Analysis of Changes in Endothelial Cell Protein Expression and Phosphorylation Induced by Cleaved High Molecular Weight Kininogen

High molecular weight kininogen (HK) is an abundant plasma protein that functions as a critical cofactor in the kallikrein-kinin system. HK normally circulates in the single chain form, but is cleaved by plasma kallikrein to release the nonapeptide bradykinin and form cleaved high molecular weight kininogen (HKa) that consists of a heavy and light chain linked by a single disulfide bond. Conformational changes occurring in cleaved kininogen result in increased exposure of histidine and glycine-rich regions within kininogen domain 5 that impart HKa with unique properties, including the ability to inhibit angiogenesis by causing selective apoptosis of proliferating endothelial cells. However, neither the receptors that mediate the antiangiogenic activity of HKa nor the signaling pathways that lead to apoptosis have been rigorously defined. In this study we attempted to define specific signaling pathways activated following exposure of proliferating endothelial cells to HKa using a high-throughput, unbiased, microarray approach (Kinexus, Vancouver BC).

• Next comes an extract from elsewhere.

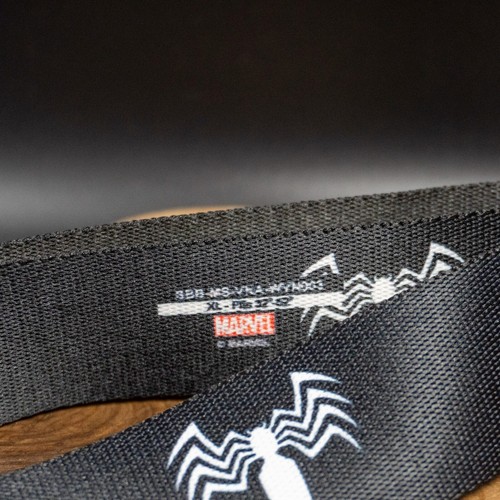 Buckle Down Mens Fabric Webbing Venom Spider Seatbelt Belt Size XL - Picture 4 of 6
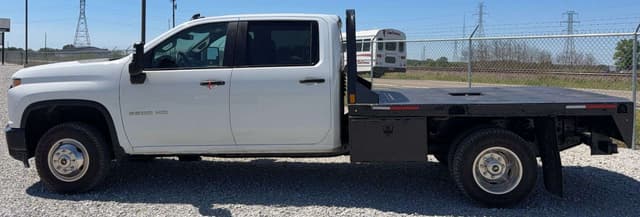 Image of Chevrolet 3500HD equipment image 4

Endothelial cells were cultured at low density and stimulated to proliferate using 20 ng/ml bFGF in the absence or presence of HKa (15 nM). At various time points (20, 60 and 300 minutes) total cell extracts were prepared and analyzed using the Kinexus antibody microarray that includes 530 pan-specific and 270 phospho-site specific antibodies. In cells exposed to HKa, the analysis revealed increased expression of 109, 141 and 162 proteins, and decreased expression of 117, 68 and 59 proteins at the 20 min, 60 min, and 300 minute time points, respectively. In cells exposed to HKa, the number of newly-phosphorylated proteins increased from 30 at 20 minutes to 61 at 300 minutes after HKa treatment. Segregation of proteins whose expression level and/or phosphorylation state changed following exposure of cells to HKa into families demonstrated that HKa primarily targets protein kinases (61–70% of all proteins affected at the various time points), transcription factors (8–11%), and phosphatases (4–5%). Increased expression of several proteins involved in apoptosis, such as caspases 4, 6 and 7 and DNA fragmentation factors 35 and 45, and increased phosphorylation of stress regulated activating transcription factor 2 (ATF2) and apoptosis signal regulating protein kinase1 (ASK1) were evident within 20 minutes of exposure of cells to HKa. Metacore and Ingenuity pathway analysis of proteins that exhibited rapid changes in expression or phosphorylation revealed activation of several major signaling pathways including apoptosis, DNA damage response, angiogenesis, inflammation, and tissue remodeling and wound repair.

Exposure of proliferating endothelial cells to HKa led to rapid changes in protein expression and phosphorylation. Most remarkable was the increased expression of several caspases within 20 minutes of addition of HKa to cells. Patterns of protein expression were consistent with activation of several pathways related to apoptosis, inflammation and tissue remodeling. These findings support suspected physiological functions of HK/HKa in vivo, and suggest specific proteins that may be targeted to further dissect effects of HKa on discrete cellular functions.

No relevant conflicts of interest to declare.